## Assignment
Could you give the listing again exactly, without its pictures?

## Collected material

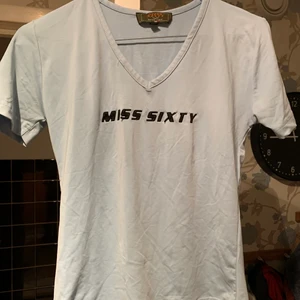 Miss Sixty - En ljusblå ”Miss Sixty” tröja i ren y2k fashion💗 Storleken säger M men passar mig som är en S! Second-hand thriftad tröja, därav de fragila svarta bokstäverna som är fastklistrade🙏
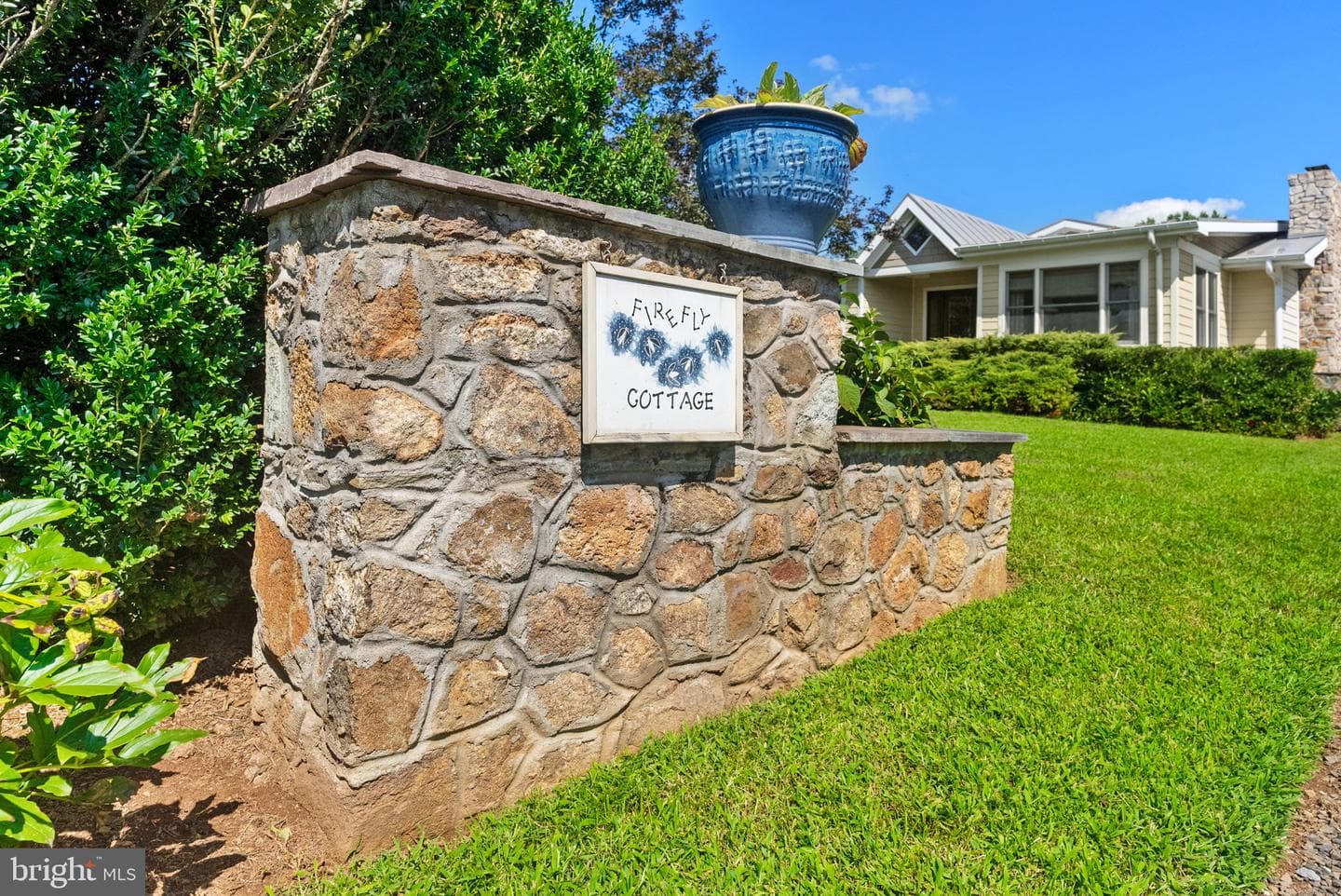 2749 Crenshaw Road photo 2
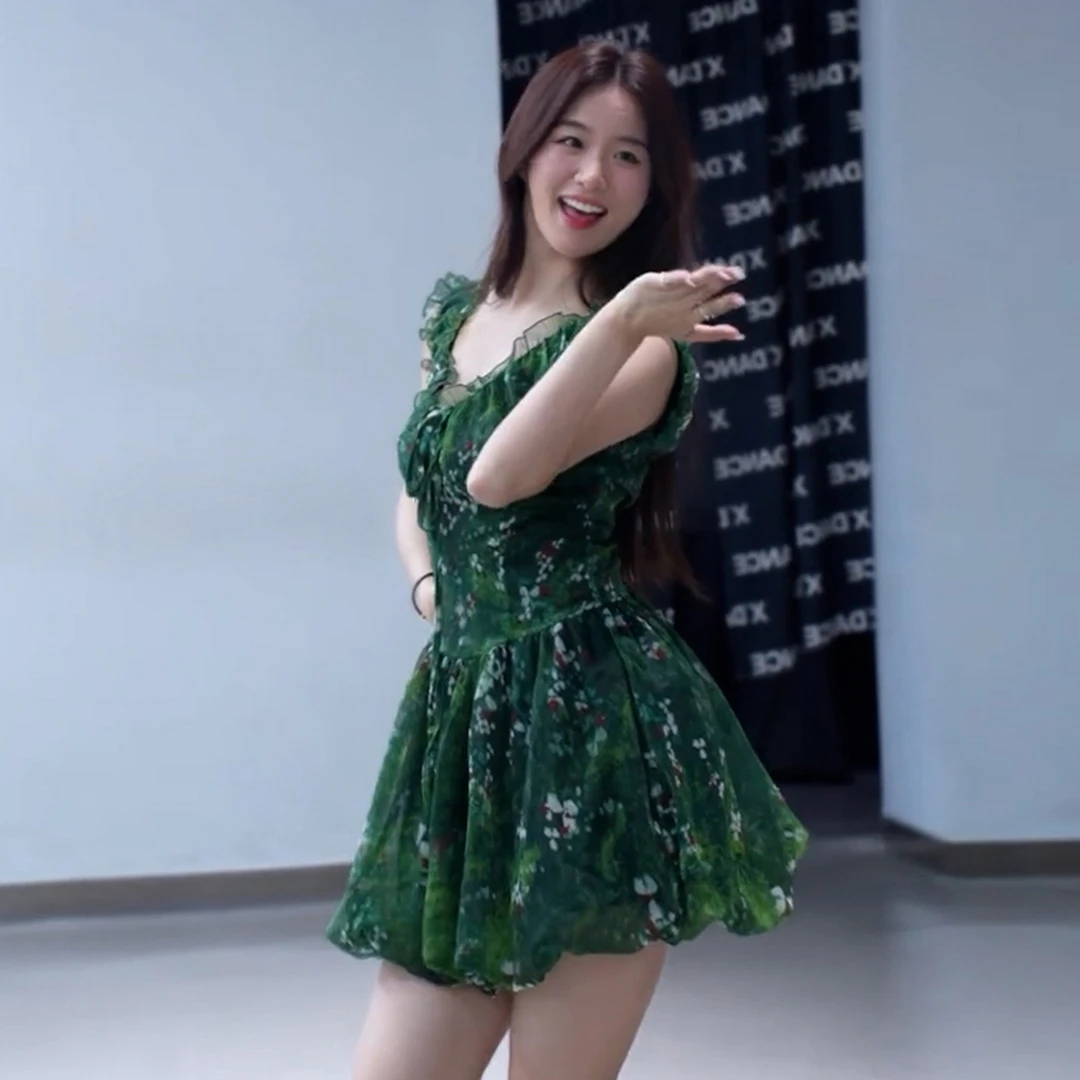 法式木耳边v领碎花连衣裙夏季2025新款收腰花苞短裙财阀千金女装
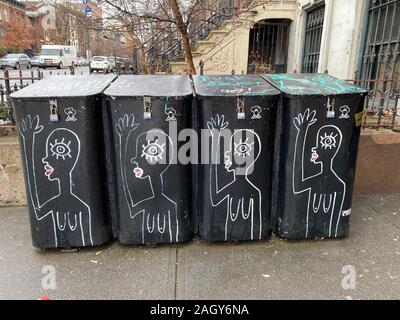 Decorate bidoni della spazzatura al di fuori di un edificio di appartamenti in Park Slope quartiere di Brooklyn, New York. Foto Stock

## Task result
 Miss Sixty - En ljusblå ”Miss Sixty” tröja i ren y2k fashion💗 Storleken säger M men passar mig som är en S! Second-hand thriftad tröja, därav de fragila svarta bokstäverna som är fastklistrade🙏
 2749 Crenshaw Road photo 2
 法式木耳边v领碎花连衣裙夏季2025新款收腰花苞短裙财阀千金女装
 Decorate bidoni della spazzatura al di fuori di un edificio di appartamenti in Park Slope quartiere di Brooklyn, New York. Foto Stock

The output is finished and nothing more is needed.